Piedmont College track and field program hopes new “mad scientist” track coach can use his original inventions to help lead the team to victory.

“Champions will always do two things.” said assistant track and field coach Brian Gawne. “Find a way to perform, and always come back against the odds.

Loading up his beloved mini-van– affectionately called The Blue Bomber– Gawne started his journey down the east coast towards little ol’ Demorest, Georgia with a single mission in mind: to turn a small group of division three throwers into champions. Though Piedmont College is a big change-of-pace for Gawne, it is far from his first time coaching.

“I’ve coached football, soccer, wrestling, and volleyball, as well as every track and field event,” he said.

Extensive coaching experience, passion for the sport, and creativity became the building blocks on which many of Gawne’s inventions were born. The throws coach is known for creating his own equipment and tools to help him instruct more effectively.

For example, the “turtle” is a wheeled machine attached to an adjustable cord which Gawne invented as a way to help train his athletes in track events such as the weighted and hammer throws. This invention also has the added bonus of eliminating potential head injuries, which come as an occupational hazard of training beginners to throw heavy metal objects.
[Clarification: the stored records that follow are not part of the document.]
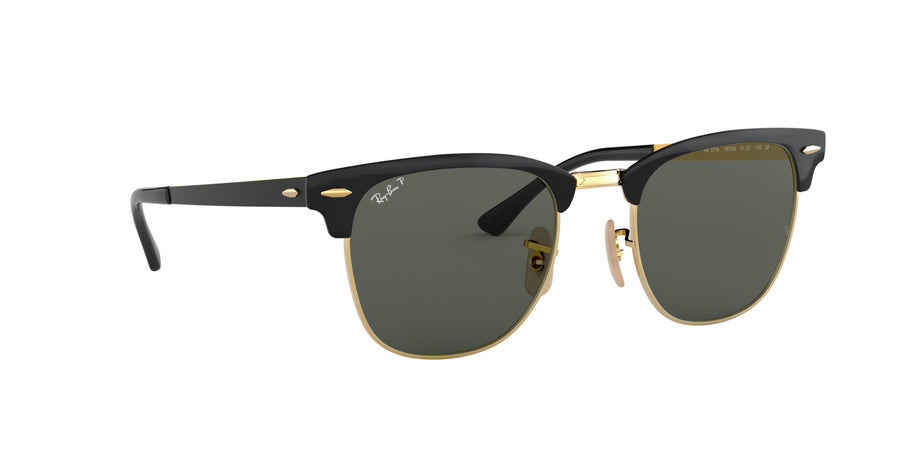 Clubmaster Metal RB3716 – Black / G-15 Green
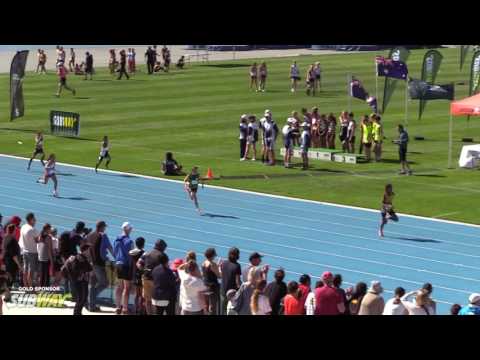 2016 SUBWAY STATE RELAY CHAMPIONSHIPS: MIXED U11 4X100M FINAL // LAVicTV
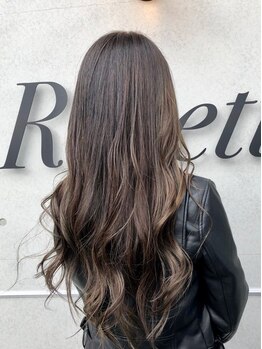 ロゼット バイ クレール(Rosette by Clair)の写真/話題のイルミナやアディクシー、オーガニックカラーを多数取扱い!!気軽に通える価格で大満足の仕上がりに★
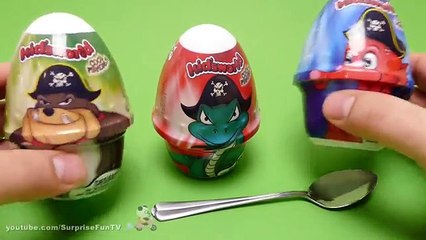 Kids Worlds Pirates Edition - Dessert with Surprise Toys from Germany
“Coach Gawne is a damn good coach,” said junior thrower Mitchell Mershon. “He is very knowledgeable about every event, and can change how he coaches based on the athlete he is working with.”

Gawne aims to coach to the strengths of each of his athletes as individuals. His students have received his coaching efforts well thus far.

“Coach Gawne is a phenomenal coach,” said Giahnni Fernandez, a sophomore track and field athlete. “He takes his time to understand us.”

Gawne’s coaching efforts have paid off thus far going into Piedmont’s track and field indoor season. Fernandez herself broke the school’s record for the weighted throw and placed top 10 in the region. Several other athletes training under Gawne have either broken personal or school records.

“I came down here because I wanted a change of pace,” said Gawne. “But mostly, I wanted to try and give back and do something good for young athletes.”